# Alright, Where Do I Go From Here?



## TRIG

I want my Brandtii tank to be a nice planted tank but I am having some questions. The tank is 55g with a 48" current orbit light with 4x64 watt bulbs (I only turn two on). Its planted with a little more than two inches of caribsea tornado beach tank. In the past, I sucessfully kept a 90g plated tank with this setup. I want to know if you guys think this will be ok or will I absolutely need to get Co2 or different substrate? I have been having some hair algae problems but it seems to be dying off now. Not really sure what I wanna do with this setup specifically, I just know I want to have a planted tank. I'll try ad get some pictures up soon.


----------



## amazonjungle

Looking at the picture of the sand type I can compare it to mine. your substrate doesn't seem TOO fine. check out how planted MY 60 gallon is.

as for the lights..could you provide a pic? I know that plants can't live very well under certain dimmed lights, but I am just unfamiliar with that model.


----------



## TRIG

well heres a picture of the light


----------



## amazonjungle

based on what I see you can keep plants alive in your tank with the lighting you have and the substrate as well.
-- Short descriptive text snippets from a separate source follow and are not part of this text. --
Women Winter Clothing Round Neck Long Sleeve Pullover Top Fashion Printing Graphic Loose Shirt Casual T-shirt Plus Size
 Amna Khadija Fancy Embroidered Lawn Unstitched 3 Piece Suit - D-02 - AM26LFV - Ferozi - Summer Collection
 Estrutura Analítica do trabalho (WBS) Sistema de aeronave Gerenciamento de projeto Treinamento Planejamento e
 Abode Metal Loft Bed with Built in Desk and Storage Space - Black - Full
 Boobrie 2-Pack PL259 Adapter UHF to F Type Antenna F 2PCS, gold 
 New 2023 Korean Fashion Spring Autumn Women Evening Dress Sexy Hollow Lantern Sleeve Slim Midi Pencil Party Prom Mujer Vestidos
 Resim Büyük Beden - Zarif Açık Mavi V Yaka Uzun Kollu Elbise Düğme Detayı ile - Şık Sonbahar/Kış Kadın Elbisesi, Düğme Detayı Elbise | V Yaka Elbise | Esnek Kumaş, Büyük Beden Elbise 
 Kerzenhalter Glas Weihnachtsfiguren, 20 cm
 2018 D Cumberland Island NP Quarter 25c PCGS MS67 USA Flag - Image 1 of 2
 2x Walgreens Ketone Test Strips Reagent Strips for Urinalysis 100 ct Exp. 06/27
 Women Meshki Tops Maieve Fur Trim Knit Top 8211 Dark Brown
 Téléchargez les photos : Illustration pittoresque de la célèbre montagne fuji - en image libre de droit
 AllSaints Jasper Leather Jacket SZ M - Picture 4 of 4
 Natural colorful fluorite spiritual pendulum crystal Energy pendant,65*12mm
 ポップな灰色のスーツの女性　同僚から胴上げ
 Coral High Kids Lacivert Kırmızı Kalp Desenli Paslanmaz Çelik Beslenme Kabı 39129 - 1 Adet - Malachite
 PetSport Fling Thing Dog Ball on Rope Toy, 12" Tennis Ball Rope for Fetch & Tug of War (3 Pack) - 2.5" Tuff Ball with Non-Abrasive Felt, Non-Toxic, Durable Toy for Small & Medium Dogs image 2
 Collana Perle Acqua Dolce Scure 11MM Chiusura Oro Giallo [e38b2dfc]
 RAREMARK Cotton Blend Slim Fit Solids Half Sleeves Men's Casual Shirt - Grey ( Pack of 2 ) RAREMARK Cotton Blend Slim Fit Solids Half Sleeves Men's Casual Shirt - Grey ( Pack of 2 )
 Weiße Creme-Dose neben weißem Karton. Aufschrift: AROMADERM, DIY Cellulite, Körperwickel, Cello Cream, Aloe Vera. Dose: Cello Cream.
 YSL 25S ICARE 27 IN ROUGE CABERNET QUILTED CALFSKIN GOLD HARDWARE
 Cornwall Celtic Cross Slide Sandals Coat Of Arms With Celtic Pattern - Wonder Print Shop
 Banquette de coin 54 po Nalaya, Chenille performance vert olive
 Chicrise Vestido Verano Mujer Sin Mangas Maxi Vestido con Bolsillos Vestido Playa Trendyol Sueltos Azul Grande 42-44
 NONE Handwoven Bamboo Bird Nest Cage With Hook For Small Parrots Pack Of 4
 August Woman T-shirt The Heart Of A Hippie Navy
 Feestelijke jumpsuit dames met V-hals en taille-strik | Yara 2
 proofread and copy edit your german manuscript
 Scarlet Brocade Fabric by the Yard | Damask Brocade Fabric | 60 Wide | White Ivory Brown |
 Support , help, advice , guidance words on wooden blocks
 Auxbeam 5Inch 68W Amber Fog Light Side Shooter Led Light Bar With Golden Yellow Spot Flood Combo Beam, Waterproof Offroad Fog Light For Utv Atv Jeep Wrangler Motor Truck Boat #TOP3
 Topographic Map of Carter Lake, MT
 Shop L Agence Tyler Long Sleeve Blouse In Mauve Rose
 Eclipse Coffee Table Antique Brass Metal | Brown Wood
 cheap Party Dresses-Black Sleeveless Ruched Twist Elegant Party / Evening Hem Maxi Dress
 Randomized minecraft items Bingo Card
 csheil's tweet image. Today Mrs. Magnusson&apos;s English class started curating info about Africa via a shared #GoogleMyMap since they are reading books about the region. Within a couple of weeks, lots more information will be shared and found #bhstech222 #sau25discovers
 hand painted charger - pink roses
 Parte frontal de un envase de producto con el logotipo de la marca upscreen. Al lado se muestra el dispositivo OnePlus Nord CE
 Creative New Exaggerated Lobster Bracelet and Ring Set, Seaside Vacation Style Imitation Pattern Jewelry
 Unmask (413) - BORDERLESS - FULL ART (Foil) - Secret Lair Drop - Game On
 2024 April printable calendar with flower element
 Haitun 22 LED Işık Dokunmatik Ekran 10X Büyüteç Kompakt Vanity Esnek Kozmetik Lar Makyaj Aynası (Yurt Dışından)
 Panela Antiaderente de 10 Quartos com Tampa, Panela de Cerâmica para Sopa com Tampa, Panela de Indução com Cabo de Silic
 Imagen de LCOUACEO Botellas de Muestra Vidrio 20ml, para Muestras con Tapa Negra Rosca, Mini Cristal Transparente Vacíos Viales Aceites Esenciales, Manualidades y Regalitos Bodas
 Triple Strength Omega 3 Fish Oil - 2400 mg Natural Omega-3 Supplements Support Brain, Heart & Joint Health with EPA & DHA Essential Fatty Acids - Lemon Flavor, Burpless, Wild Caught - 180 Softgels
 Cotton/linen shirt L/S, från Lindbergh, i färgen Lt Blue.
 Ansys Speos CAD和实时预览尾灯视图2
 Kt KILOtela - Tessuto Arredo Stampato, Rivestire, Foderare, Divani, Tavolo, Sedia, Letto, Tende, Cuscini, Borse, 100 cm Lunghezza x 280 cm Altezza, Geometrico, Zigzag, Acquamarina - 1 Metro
what plants were you thinking of having?

I like hornwurt. you can see my tanks so full i had to take out 5 of them

also, heres a list of plants that can grow in lesser lights. http://www.plantgeek.net/article_viewer.php?id=17

hornwurt is included there! its my fav..


----------



## DiPpY eGgS

If the tank is growing plants with out issue, then there is no problem.

If your algea is dying, then something is going right, and you shouldn't need to change anything


----------



## TRIG

What about if I want to grow some of the more demanding varieties of plants? Maybe rotalia or some of the more reddish colored plants. Also, if I did decide to go with Co2, would I definitely need a new substrate or will the sand be doable? Is there are way for me to tell how much I should be dosing fertilizers?


----------



## DiPpY eGgS

TRIG said:


> What about if I want to grow some of the more demanding varieties of plants? Maybe rotalia or some of the more reddish colored plants. Also, if I did decide to go with Co2, would I definitely need a new substrate or will the sand be doable? Is there are way for me to tell how much I should be dosing fertilizers?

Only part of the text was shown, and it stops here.